Keine guten Tomaten in einem Land voller Tomaten – 9 Jul 14

Geld

Nachdem wir nun schon mehr als eine Woche lang in Deutschland waren, denken wir immer noch an unseren Besuch auf den kanarischen Inseln und erzählen natürlich auch unseren Freunden noch von den unterschiedlichen Dingen, die wir gesehen, gemacht, gekauft und gegessen haben! Natürlich hat auf dieser sonnigen Insel jede Frucht und jedes Gemüse, das zum Reifen Sonne braucht, einfach nur herrlich geschmeckt. Mit einer seltsamen Ausnahme: den Tomaten. Und ja, es war wirklich so auffällig, dass ich heute darüber schreiben möchte!

Als wir zum Einkaufen auf den Früchte- und Gemüsemarkt gingen, sahen wir die tollsten Bananen und kauften die süßesten Pfirsiche, die wir jemals gegessen haben! Jeden Tag kauften wir frische Orangen und machten herrlich süßen Saft daraus! Wir kauften nach Herzenslust von den Inselbauern ein und freuten uns darauf, mit all dem Gemüse in prächtigen, frischen Farben zu kochen.

Schließlich suchten wir noch Tomaten.
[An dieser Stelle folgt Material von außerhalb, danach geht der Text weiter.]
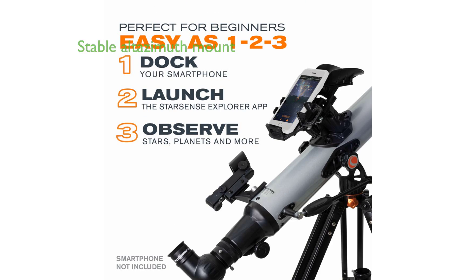The Celestron Starsense Explorer features an ultra-stable AltaZymeth mount with a full-height tripod, slip clutches, and geared slow-motion controls in both axes for smooth sky scanning.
Das Gemüse, das für viele leckere Gerichte notwendig ist und in Soßen und auch Linsengerichten appetitanregend wirkt. Das Gemüse, das rot, wunderbar süß und unglaublich aromatisch ist, wenn es in der warmen Sonne eines südlichen Landes gereift ist. Wie zum Beispiel auf Gran Canaria.

Wir haben keine guten Tomaten gefunden. Nicht eine einzige. Sie waren grün, sie waren orange, halb-rot, aber sie waren nicht so dunkelrot, dass man hätte sehen können, dass sie wundervoll schmecken! Wir kauften am Ende einfach einige von denen, die schlimmer aussahen, als die Tomaten, die wir in Deutschland mitten im Winter kaufen, wenn alles, was rot oder grün ist, importiert ist! Das Ergebnis war vorhersehbar: die Haut war so hart, dass sie sich nicht wirklich weichkochen ließ und man schmeckte sie nur minimal, also merkte man gar nicht, dass da überhaupt Tomaten im Essen waren.
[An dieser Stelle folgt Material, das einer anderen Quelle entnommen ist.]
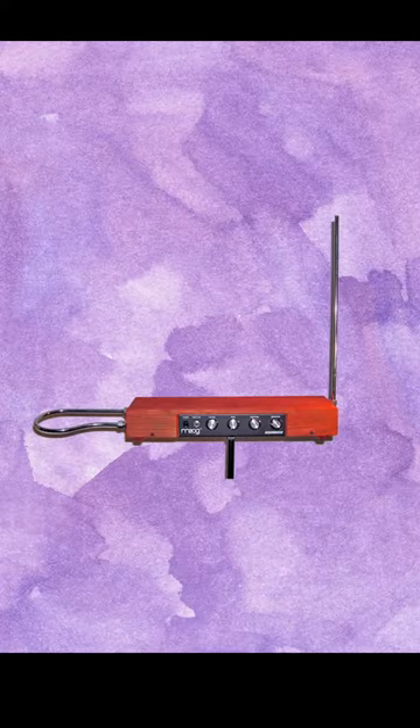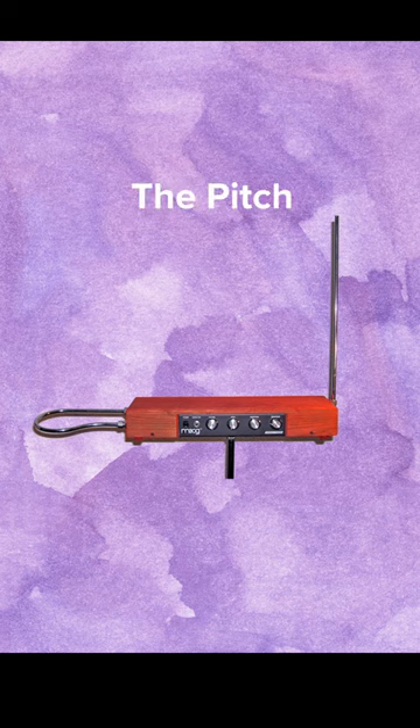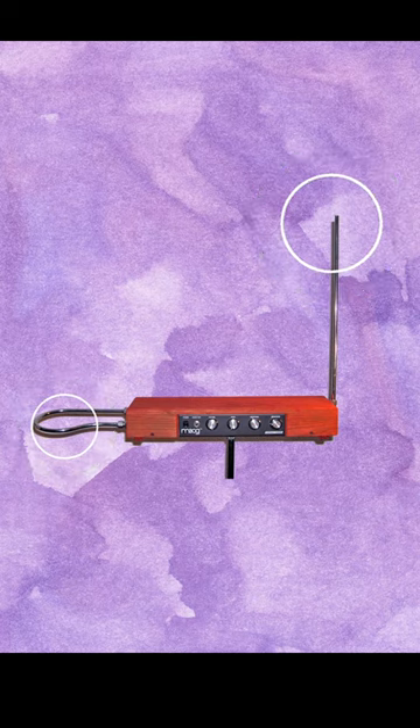But how does it work? The instrument is usually made up of a wooden box with one rod that controls the pitch and one that controls the volume. There are two invisible electromagnetic fields that surround the instrument. The performer can adjust the pitch and volume by moving their hands around these electromagnetic fields.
Der Grund für ein solches Tomatendebakel? Wir sehen Tomatenplantagen auf der ganzen Insel verteilt! Wo auch immer Platz war, waren entweder Bananen oder Tomaten auf den Feldern, wobei die Tomaten als Schutz vor direkter Sonne bedeckt waren. Warum also haben wir so leckere Bananen bekommen, aber keine Tomaten?

Weil sie – wenn man unseren kanarischen Freunden Glauben schenken kann – alle gute Tomaten in andere Länder exportieren!

Naja, das ist schon verrückt! Ihr habt das beste Wetter, pflanz die besten Tomaten an und verschifft sie dann alle ins Ausland und die örtliche Bevölkerung hat nur noch etwas, das nach nichts schmeckt!

Leider passiert das nicht nur mit den Tomaten auf Gran Canaria, es ist ein globales Problem – aber mehr dazu morgen.

Wir vermieden für den Rest unseres Aufenthalts frische Tomaten und kochten unsere Gerichte entweder ohne Tomaten oder mit Tomatenpüree. Um zumindest einen Hauch Tomate zu schmecken!